Topic: Data Mining Assignment
In this assignment, you will perform predictive analytics. You are given an sqlite3 database file (Assignment2022.sqlite) which contains a total of 5500 samples across two tables.
Table “train” contains 5000 samples have already been categorized into three classes.
You are asked to predict the class labels of the 500 samples in the “test” table.
Tasks
In this first task, you will examine all data attributes and identify issues present in the data. For each of the issues that you have identified, choose and perform necessary actions to address it.
Apply these actions to both the training and test data at the same time. At the end of this phase, you will have two data sets: one for training and one for the final testing task. Below is a list of data preparation issues that you need to address
Identify and remove irrelevant attributes.
Detect and handle missing entries.
Detect and handle duplicates (both instances and attributes).
Select suitable data types for attributes.
Perform data transformation (such as scaling/standardization) if needed.
Perform other data preparation operations (This is optional, bonus marks will be awarded for novel ideas).

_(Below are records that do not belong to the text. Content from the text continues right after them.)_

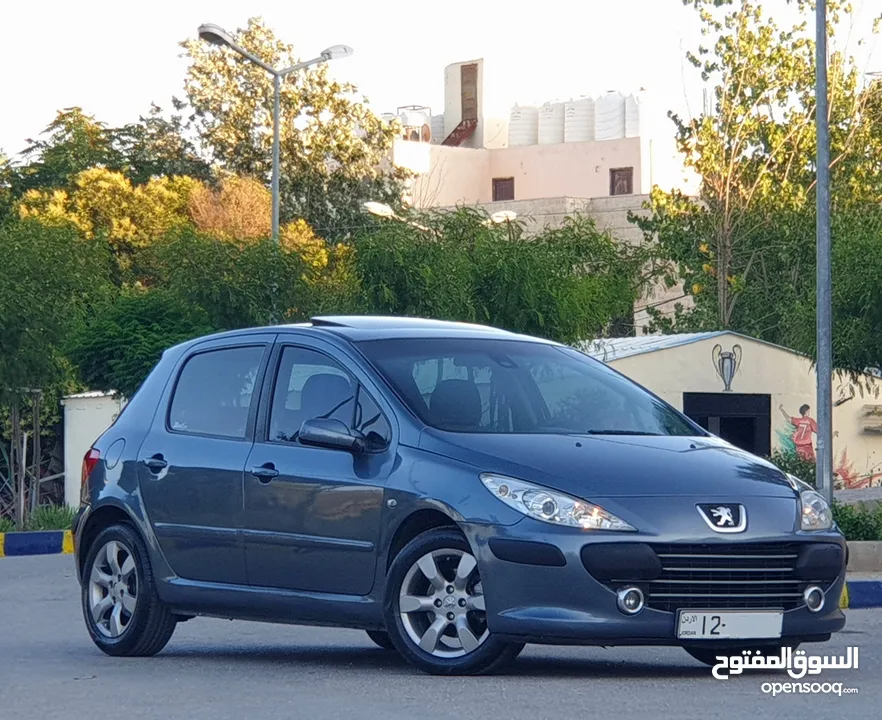 بيجو 307 موديل 2007 فل مع فتحة وفحص كامل للبيع
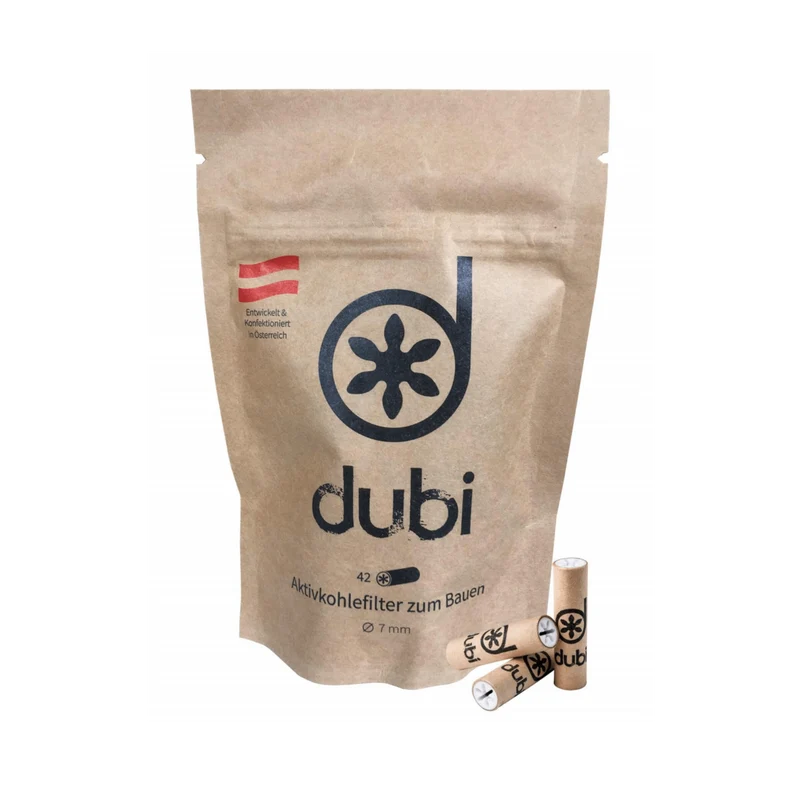 dubi Aktivkohlefilter - 7mm - 42 Stück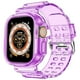 thumbnail image 1 of Correa de Silicona Transparente con Case para Apple Watch, Compatible con Todas las Series, 1 of 5
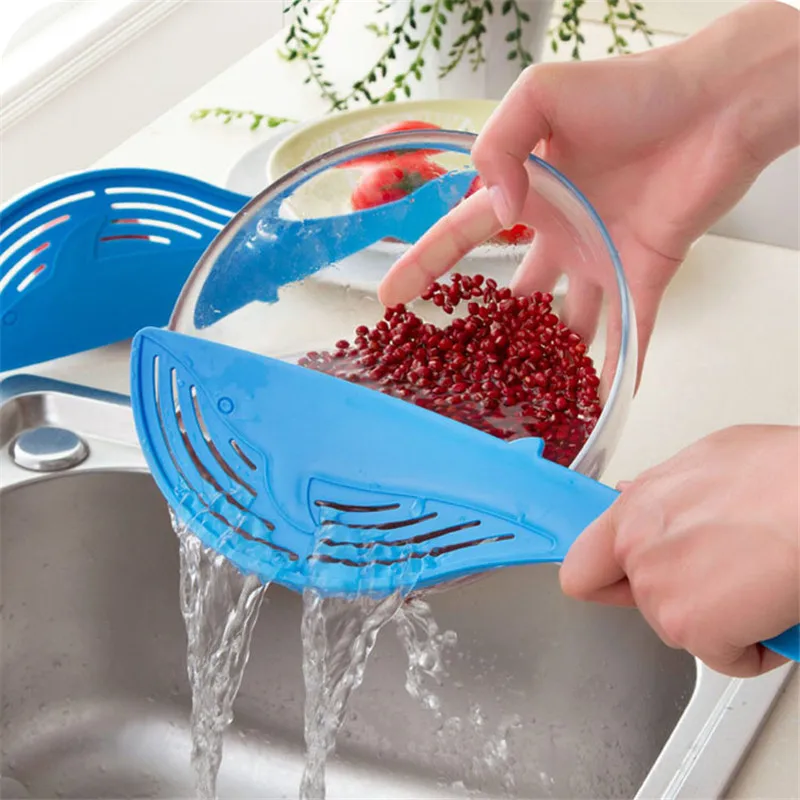 1 шт. промывка риса в форме листа Hoomall приспособление для лапши спагетти бобы сито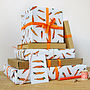 Illustrated Carrot Recyclable Wrapping Paper Set, thumbnail 1 of 8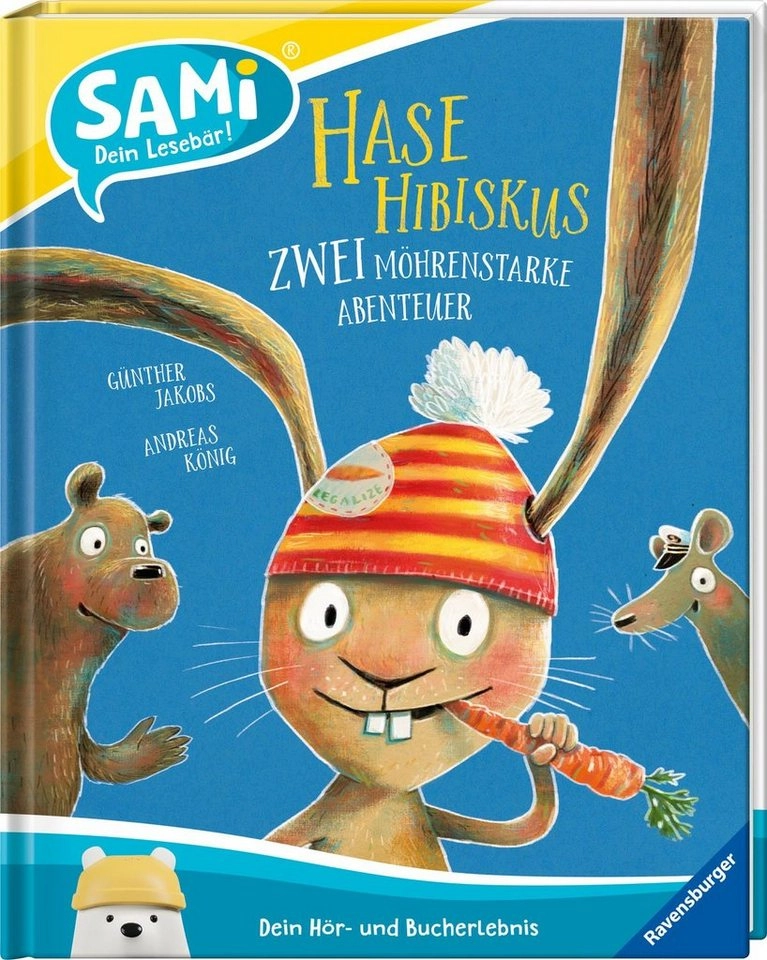 SAMi Buch Hase Hibiskus-zwei möhrenstarke Abenteuer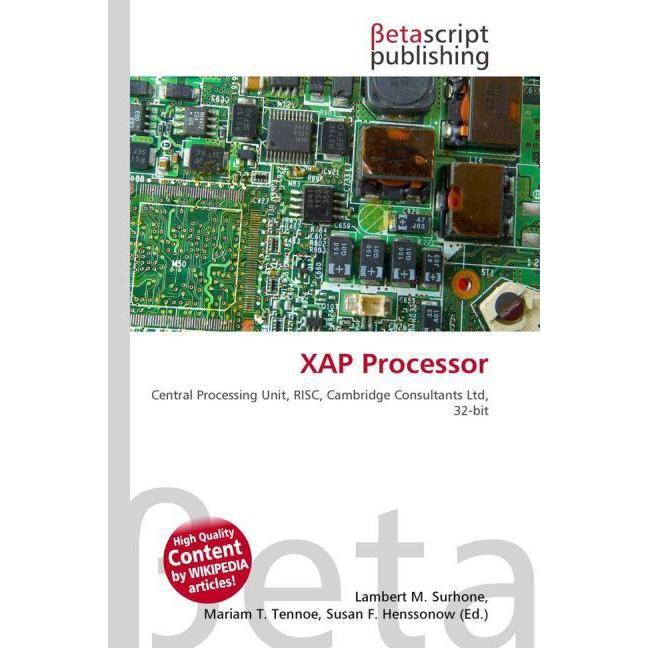 XAP Processor, Fachbücher von Lambert M. Surhone, Miriam T. Timpledon, Susan F. Marseken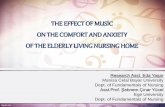 THE EFFECT OF MUSİC - · PDF fileTurkish classical music (Nihavend makamı) was chosen for its relaxing effect. 30 minutes of music was played to the experimental group between 20:00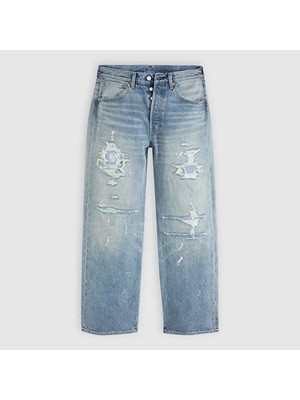 Levi's 501® Loose Erkek Jean Pantolon - Larkspur Painter Destructed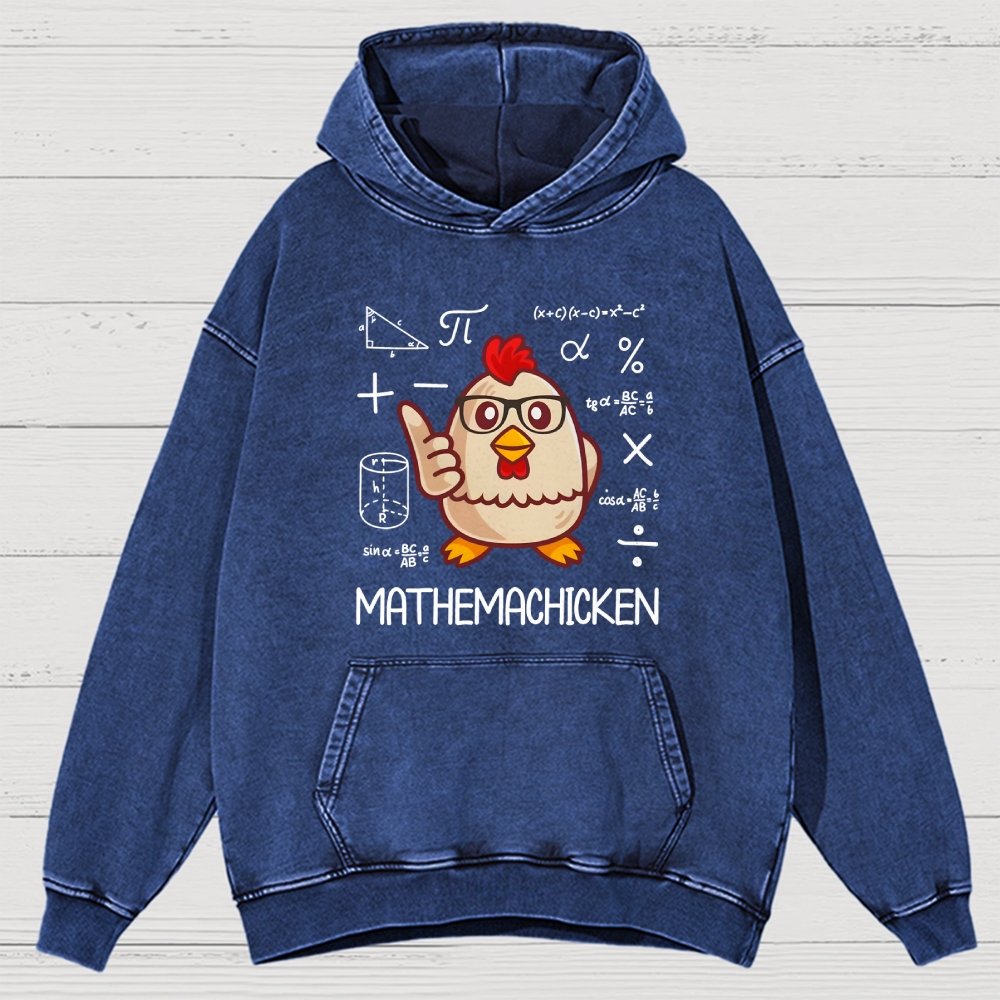 Math Pun Vintage Distressed Hoodie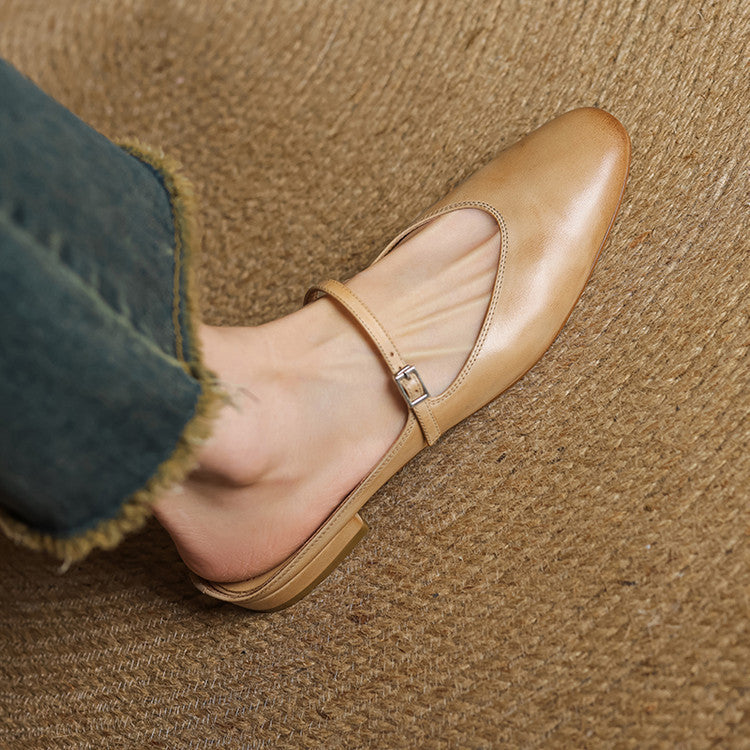 Marvyn Mules en Cuir Authentique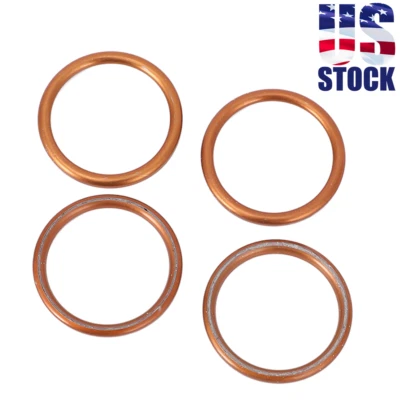 4pcs Exhaust Tube Gaskets for Honda 18291-MN4-920 CB650 CBR600 CB900F CB1000R US - Изображение 1 из 4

For each of the above issues your report should:
Describe the relevant issue in your own words and explain why it is important to address it. Your explanation must consider the classification task that you will undertake subsequently.
Demonstrate clearly that such an issue exists in the data with suitable illustration/evidence.
Clearly state and explain your choice of action to address such an issue.
Demonstrate convincingly that your action has addressed the issue satisfactorily.